My final recipe, for 3 quarts of ice cream base (which churned up into a nearly-full 6-quart container of ice cream), was:

  • 4.5 lbs of picked-just-the-day-before strawberries, hulled, pureed, and strained (producing about 5 cups of strawberry juice)
  • 3 pints of Strauss half-and-half
  • 2 1/4 cups of white sugar
  • 1 cup of Karo light corn syrup
  • about 1 tsp of salt

I whisked these together, let them chill in the fridge overnight, then churned them surrounded by ice and many cups of salt*… and the end result was magical. Creamy, not too sweet, no ice crystals, and just the pure cold essence of a summer strawberry.

 

* Technical sidebar: The salt is there to lower the freezing temperature of the ice and help it melt (it’s really the phase change from solid ice to water that matters). Briefly: salt reduces the freezing temperature of water -> more ice melts -> large amounts of energy (heat) are sucked out of the surrounding environment during the phase change from ice to water. This cools the ice cream far more rapidly than just a cold bath of for example antifreeze (or pebbles, or anything without a phase change) at the same temperature would.

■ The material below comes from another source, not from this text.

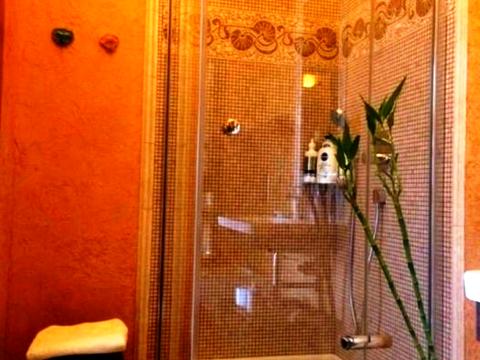 квартира за адресою Ділова вул. (Димитрова), 13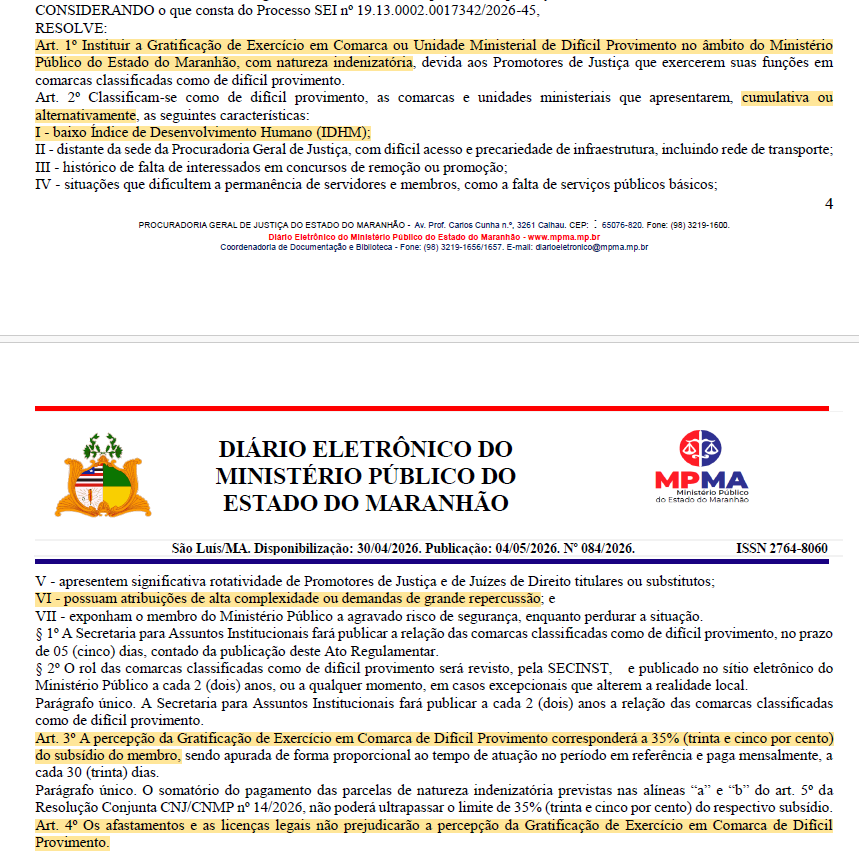 Ricardo Berezin tweet media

It also took me a while to find a good-quality hand-cranked ice cream maker– most of the ones for sale these days have plastic gears or are small KitchenAid-accessory ice cream makers that require you to pre-freeze a special container first (and I don’t currently own a KitchenAid). I wanted a solid, metal-geared (ideally, stainless steel) machine, both for the nostalgia factory, and to make 6+ quarts of ice cream in for a party in one go. I looked at used ice cream makers on craigslist and ebay, but finally found what I wanted through Lehman’s, an Amish supply company.

It took more elbow grease than I remembered (even with me expecting that to be the case)– perhaps 30-40 minutes of solid churning between three adults and three enthusiastic kids. But the result was worth it, 100%.